• Task description:
Could you output exactly the lines from the one containing "Tory Burch Handbags" through the end of the records below, and nothing more?

• Data entries:
——
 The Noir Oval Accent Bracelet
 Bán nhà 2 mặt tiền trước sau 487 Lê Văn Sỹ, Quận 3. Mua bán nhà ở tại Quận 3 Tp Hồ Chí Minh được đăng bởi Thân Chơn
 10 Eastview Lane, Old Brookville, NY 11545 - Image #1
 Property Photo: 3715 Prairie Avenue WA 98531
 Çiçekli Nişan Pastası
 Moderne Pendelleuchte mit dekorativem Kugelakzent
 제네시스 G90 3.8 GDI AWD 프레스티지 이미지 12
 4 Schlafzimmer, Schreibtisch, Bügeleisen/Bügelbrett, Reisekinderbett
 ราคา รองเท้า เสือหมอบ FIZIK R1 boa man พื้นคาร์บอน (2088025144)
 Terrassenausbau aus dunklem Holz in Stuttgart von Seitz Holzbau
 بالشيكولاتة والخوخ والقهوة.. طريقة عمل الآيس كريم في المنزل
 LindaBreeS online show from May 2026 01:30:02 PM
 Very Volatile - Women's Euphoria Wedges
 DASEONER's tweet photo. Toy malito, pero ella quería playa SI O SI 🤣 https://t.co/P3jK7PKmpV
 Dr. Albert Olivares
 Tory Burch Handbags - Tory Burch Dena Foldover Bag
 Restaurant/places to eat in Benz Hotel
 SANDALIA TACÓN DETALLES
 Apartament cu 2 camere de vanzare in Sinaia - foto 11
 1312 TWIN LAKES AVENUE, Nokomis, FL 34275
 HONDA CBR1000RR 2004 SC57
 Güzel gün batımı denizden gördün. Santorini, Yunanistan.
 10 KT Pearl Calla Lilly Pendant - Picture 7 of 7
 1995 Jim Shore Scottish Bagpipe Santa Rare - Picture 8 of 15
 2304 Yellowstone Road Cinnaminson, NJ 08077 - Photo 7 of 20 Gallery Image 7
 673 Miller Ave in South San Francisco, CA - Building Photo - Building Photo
——
• Result for this task:
 Tory Burch Handbags - Tory Burch Dena Foldover Bag
 Restaurant/places to eat in Benz Hotel
 SANDALIA TACÓN DETALLES
 Apartament cu 2 camere de vanzare in Sinaia - foto 11
 1312 TWIN LAKES AVENUE, Nokomis, FL 34275
 HONDA CBR1000RR 2004 SC57
 Güzel gün batımı denizden gördün. Santorini, Yunanistan.
 10 KT Pearl Calla Lilly Pendant - Picture 7 of 7
 1995 Jim Shore Scottish Bagpipe Santa Rare - Picture 8 of 15
 2304 Yellowstone Road Cinnaminson, NJ 08077 - Photo 7 of 20 Gallery Image 7
 673 Miller Ave in South San Francisco, CA - Building Photo - Building Photo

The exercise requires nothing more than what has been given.